The earliest Mahāvākyam, [‘Summary Affirmation’], is from the Chāndogya Upaniṣad (around 1,000 BCE): Sarvam Khalvidam Brahma: ‘All [this] is Brahman‘ [3.14.1].
Variants of this theme can be found in every one of the World’s Mystic Traditions. Kurt Gödel [1906-1978] the celebrated Logician, a subject at the opposite end of the Mystic Spectrum observed: ‘Mind is everywhere is the great Mystic Teaching.’
Here, from the Christian ‘Gnostic Gospels’ [around 100 CE]: ‘You read the face of the Sky and of the Earth, but you do not recognize the one before you and you do not know how to read this moment..I am the All. The All came forth from Me…and attained in Me.’
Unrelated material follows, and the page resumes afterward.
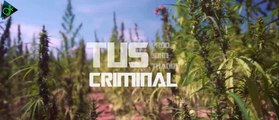 Tus - Criminal (Official Video Clip)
Or the Plotinus’ ‘One’ which dominated European Mystic Schools for a millennia: ‘A Nameless Unity, indescribable, undefinable.. never known measure, stands outside number..is under no limit of any kind..is Everything and Nothing..’
OK. Now for the tricky part. What is Brahman? I don’t know. In fact I can never know what Brahman is. And why not? Because I am part of this ‘All’, whatever this ‘All’ is. Else it wouldn’t be the ‘All’.
The word Brahman is ensconced in layers of self-reference, what we call the Self-Loop. It will twirl you around like a top if you don’t stay alert.
I can’t locate ‘The All’ while sitting on my rocker because ‘The All’ includes me sitting on my rocker. And it includes me thinking about locating ‘The All’ while sitting on my rocker. And…ad infinitum.
Any Inquiry into Brahman begins with the issue of the Subject. If I duck the confrontation, I will reduce Brahman to an Idea, another Man-Made ‘God’, the Immaculate Perfected ‘Being’. Which is pretty much the state of things today.